Interesting rabbit hole, but I think it might be pulling us off topic a hair.
Yeah, maybe.
I think one of the things that it's important to recognize too with this whole sort of filling in the blanks with models of character behavior that you either draw from generalizations based on other individuals like that that you've met before, or more frequently from your own personal philosophical or moral character.
What would you do in that situation?
I suppose that person would do the same.
Right.
Is the idea of we always seem to react with the most rancor to negative personality traits in other people that we ourselves are guilty of.
And like they actually call that projection, right?
Right.
Which I think is pretty much precisely what you're talking about is like not just in the negative connotation of projecting your own negative personality traits on other people, but projecting parts of your personality or your consciousness into the void of what you don't know about the consciousness of the person across the table from you.

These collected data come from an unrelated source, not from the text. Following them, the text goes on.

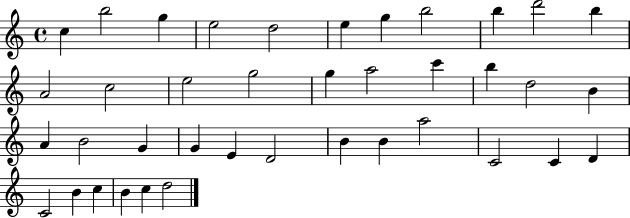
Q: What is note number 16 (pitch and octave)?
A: G5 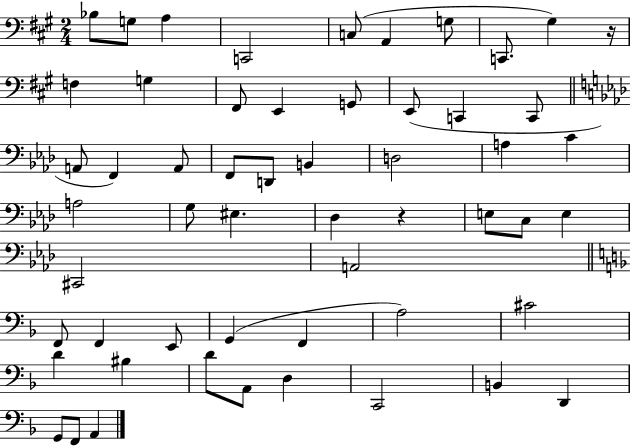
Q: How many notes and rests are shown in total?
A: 55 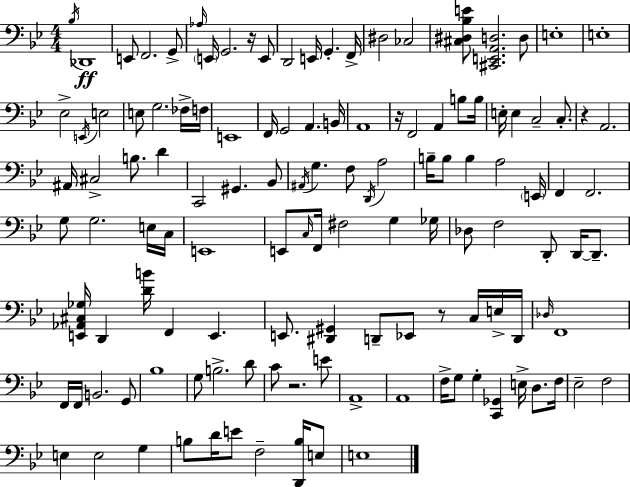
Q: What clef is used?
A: bass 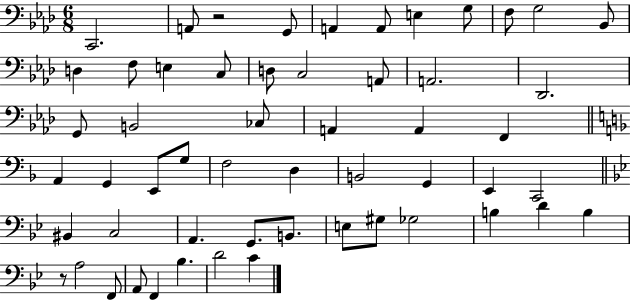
X:1
T:Untitled
M:6/8
L:1/4
K:Ab
C,,2 A,,/2 z2 G,,/2 A,, A,,/2 E, G,/2 F,/2 G,2 _B,,/2 D, F,/2 E, C,/2 D,/2 C,2 A,,/2 A,,2 _D,,2 G,,/2 B,,2 _C,/2 A,, A,, F,, A,, G,, E,,/2 G,/2 F,2 D, B,,2 G,, E,, C,,2 ^B,, C,2 A,, G,,/2 B,,/2 E,/2 ^G,/2 _G,2 B, D B, z/2 A,2 F,,/2 A,,/2 F,, _B, D2 C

You're completing the model of the other person with things about yourself that, and those things are things that you would recognize as not useful or not good.
Yeah.
Right.
And it might not even be that you wouldn't find them not good, but that if you thought that everyone around you would think they were not good, you might want to virtue signal that they were not good in that way, that you recognize, you know, this, this human is stepping outside the social bounds in this way, right?
And hope that no one thinks about why you know that.
Right.
I mean, that's, that's always the interesting thing.

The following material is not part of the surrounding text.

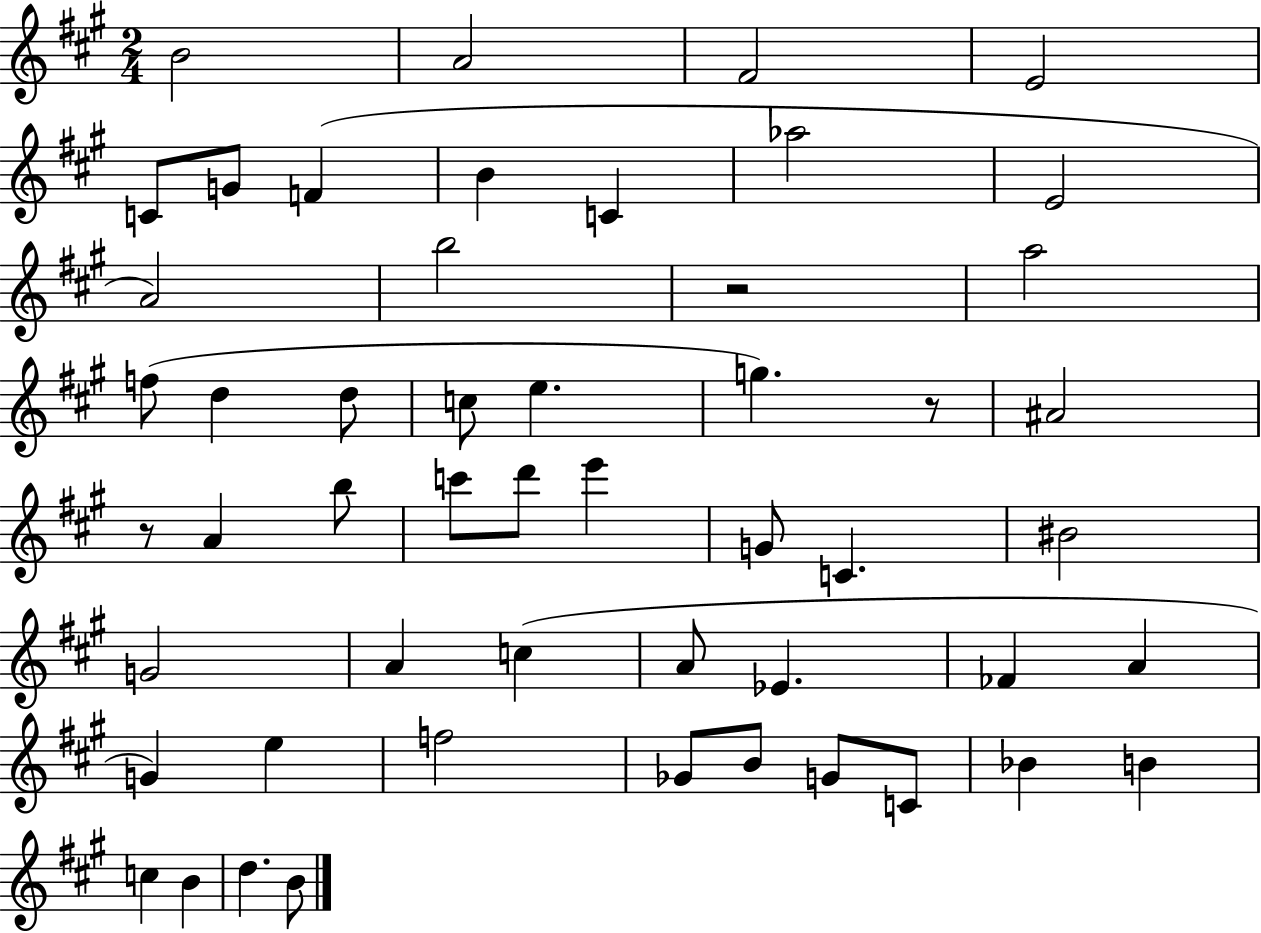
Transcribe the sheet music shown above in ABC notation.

Or why you're so interested in pointing it out so we can all heap ire on them for it.
Yeah, yeah, yeah.
On them, them over there.
There's those people doing that bad thing.
There's an expression that was, I think it's probably still very prevalent in a lot of circles that the person who is cheating on a spouse or their girlfriend or boyfriend or whatever is the one most likely to be suspicious of their other cheating on them.
Yeah.
And that's, I think this is exactly part of this is that that's just one example, but this is a microcosm and you have you don't know enough about the other person to know everything they're going to think.
Obviously, you don't even know enough to know everything you're going to think.
Let's just be honest about that too.
And so your insecurities inevitably leak into what you're creating in your mind about the other person.
And there's no way around that.
Yeah, for sure.
So anyway, I think maybe we should just cut that where it is.
I think that's a good point to tie that off with that thought.